Overall, yes, I love the time that I do spend in Missouri. Spring and autumn are especially marvelous. When I purchased the property, I said, "I finally have my hills, rocks, and trees." I have 40 acres, the house, an 1800s era log barn, and a couple of other out buildings.

Gardening there is done TOTALLY in raised beds. The native soil is too rocky for gardening. Guessing when the last spring freeze is going to happen requires purchasing started plants (tomatoes, peppers, etc.) There are native blackberries all along the roads and in some of the wooded areas. We have improved berries by the garden.

Deer and turkey are plentiful. I have a neighbor who brings his children to hunt on my place.

There is a water well for the house and a lagoon septic system (which I had never heard of before I moved there.) It's basically a small pond downhill from the house, and the septic lines from the house flow into it. It is screened from view by trees.

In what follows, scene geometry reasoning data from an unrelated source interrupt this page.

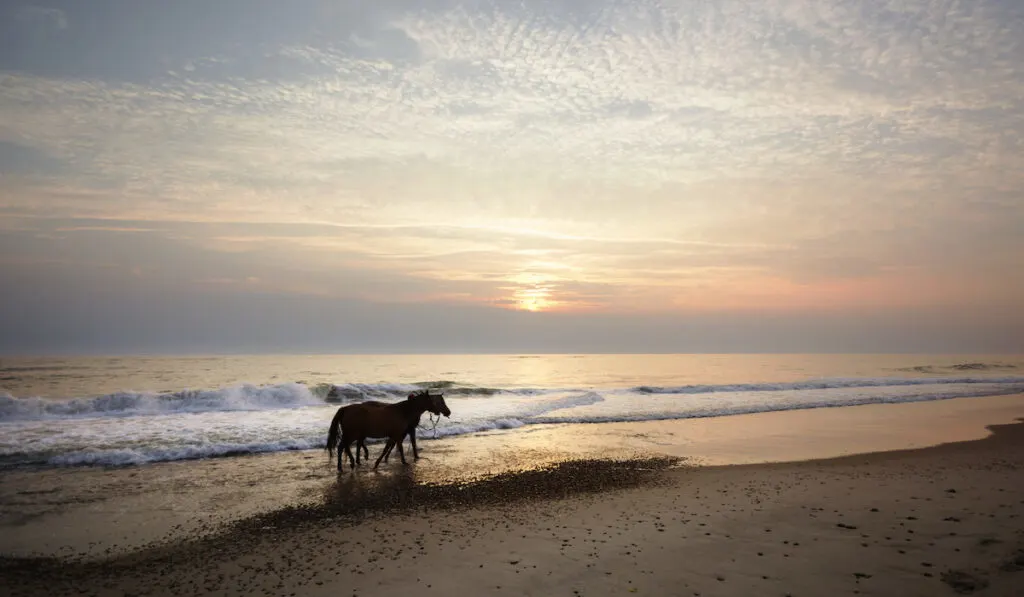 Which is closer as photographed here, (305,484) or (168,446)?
(305,484)

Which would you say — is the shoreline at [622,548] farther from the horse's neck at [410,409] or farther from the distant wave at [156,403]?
the distant wave at [156,403]

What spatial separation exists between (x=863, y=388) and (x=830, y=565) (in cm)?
3563

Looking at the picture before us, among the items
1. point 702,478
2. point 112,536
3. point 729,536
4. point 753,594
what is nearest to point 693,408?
point 702,478

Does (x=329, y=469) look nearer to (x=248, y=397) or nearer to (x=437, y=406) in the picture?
(x=437, y=406)

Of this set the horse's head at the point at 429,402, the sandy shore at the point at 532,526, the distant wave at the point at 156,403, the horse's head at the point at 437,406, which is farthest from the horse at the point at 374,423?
the distant wave at the point at 156,403

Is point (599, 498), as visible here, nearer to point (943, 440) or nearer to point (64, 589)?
point (64, 589)

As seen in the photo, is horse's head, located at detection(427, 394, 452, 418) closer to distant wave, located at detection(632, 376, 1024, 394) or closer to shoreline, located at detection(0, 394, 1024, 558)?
shoreline, located at detection(0, 394, 1024, 558)

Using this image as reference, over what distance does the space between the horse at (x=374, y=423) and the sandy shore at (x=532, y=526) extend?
2.49 ft

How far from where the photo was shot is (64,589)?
5.97m

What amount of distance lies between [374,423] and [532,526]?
19.3ft

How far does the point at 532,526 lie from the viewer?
7977 mm

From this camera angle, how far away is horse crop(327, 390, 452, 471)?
12.2 metres

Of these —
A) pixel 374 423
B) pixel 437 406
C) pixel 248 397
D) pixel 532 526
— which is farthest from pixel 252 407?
pixel 532 526

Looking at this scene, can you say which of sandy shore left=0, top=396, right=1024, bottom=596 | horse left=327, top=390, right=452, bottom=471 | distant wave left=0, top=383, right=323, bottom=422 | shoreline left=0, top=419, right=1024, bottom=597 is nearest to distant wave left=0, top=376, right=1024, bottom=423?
distant wave left=0, top=383, right=323, bottom=422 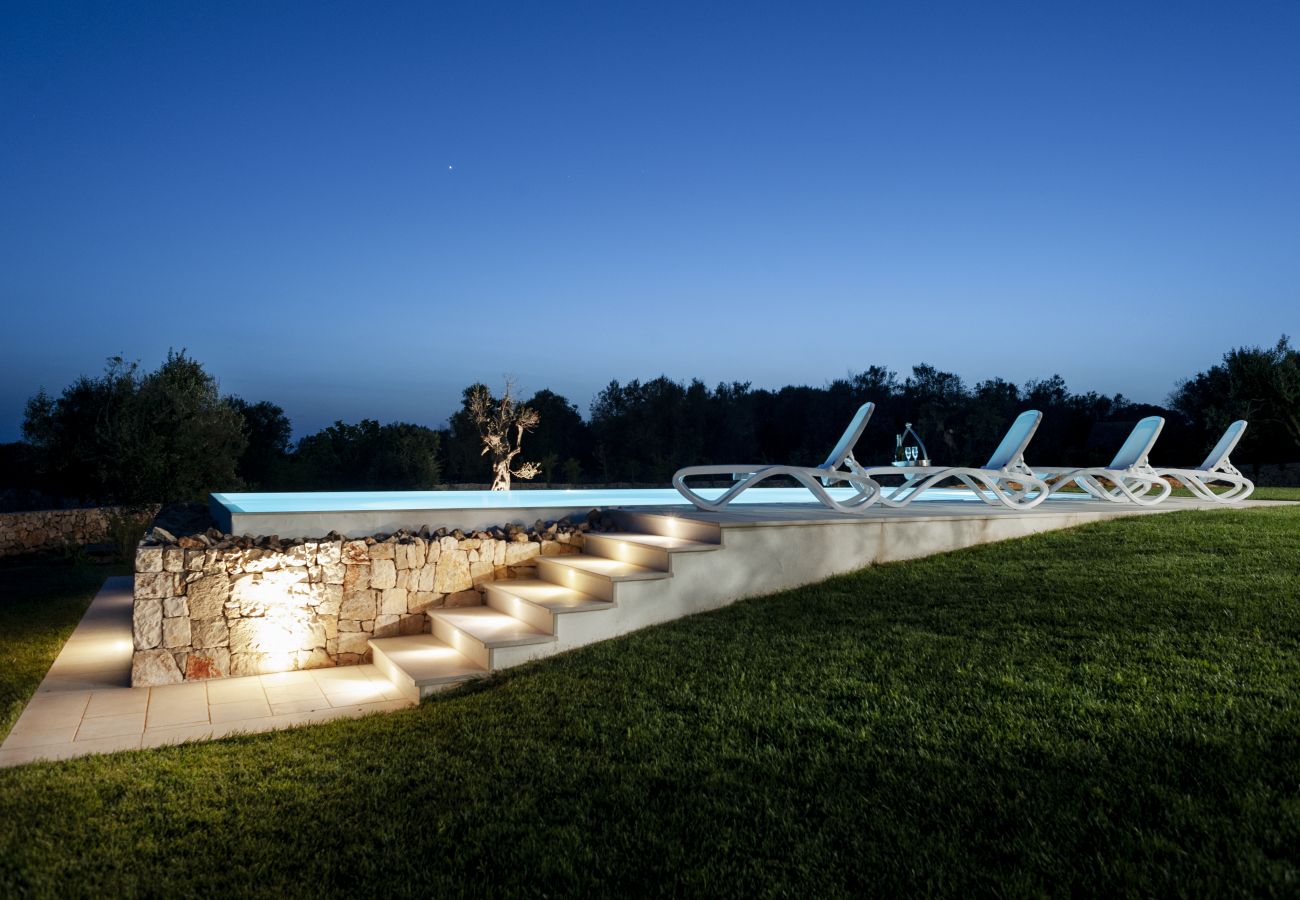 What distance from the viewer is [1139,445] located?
10.7 metres

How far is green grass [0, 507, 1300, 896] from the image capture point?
2537 millimetres

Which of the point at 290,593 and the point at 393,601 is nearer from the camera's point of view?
the point at 290,593

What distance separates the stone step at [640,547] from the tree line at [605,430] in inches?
386

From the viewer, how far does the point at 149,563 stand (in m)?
5.68

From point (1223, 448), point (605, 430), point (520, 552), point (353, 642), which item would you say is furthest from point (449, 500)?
point (605, 430)

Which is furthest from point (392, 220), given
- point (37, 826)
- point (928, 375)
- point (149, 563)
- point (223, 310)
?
point (928, 375)

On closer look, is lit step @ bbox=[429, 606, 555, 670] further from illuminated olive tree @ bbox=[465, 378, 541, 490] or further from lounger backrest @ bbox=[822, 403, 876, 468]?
illuminated olive tree @ bbox=[465, 378, 541, 490]

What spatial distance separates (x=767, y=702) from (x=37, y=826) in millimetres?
3281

The ticks are HORRIBLE first thing in the spring, taper off through the summer, and disappear again after a good killing frost.

We used to get more snow in the winters than we do now. We do get the occasional ice storm in the winter.

Recreationally, there are trails to hike and rivers to canoe. Some fishing, but not a lot.

Culturally, there are usually two Ozark Heritage events per year in West Plains, and more within driving distance. One also draws pioneer re-enactors and jumping mules and fantastic music. The other doesn't have mules. There are other local music venues, if they haven't been put out of business. Car shows used to happen a couple of times per summer.

A favorite activity is attending auctions. Because land and homesteads sell slowly there, most times granma's farm is put up for auction with everything in the home and barn up for bidding. I just received an auction notice, so those are still going on. I have met some great folks who have become lifelong friends at auctions.

Taxes are VERY LOW. Unlike Texas, the county taxes tractors, trailers, etc., but it's still reasonable.

If you are looking for a place, you need to consider several things. Don't plan on finding a job there, as there aren't many. Decide how far away from a doctor and hospital you want to live. How far down a gravel road do you want to be? Will the road be passable (due to the steepness and mud) if it rains a LOT or ices over?

Because it's in the country, you will see mice, pack rats, chipmunks, raccoons, wasps, snakes, wood chucks, and all sorts of critters. If those scare you, don't go.

Be aware of the New Madrid Fault. Don't buy too close to that. I have purchased earthquake insurance, which isn't very expensive.

Be aware of flood zones.

Find out where the local fire department is and how long they would take to get to your house.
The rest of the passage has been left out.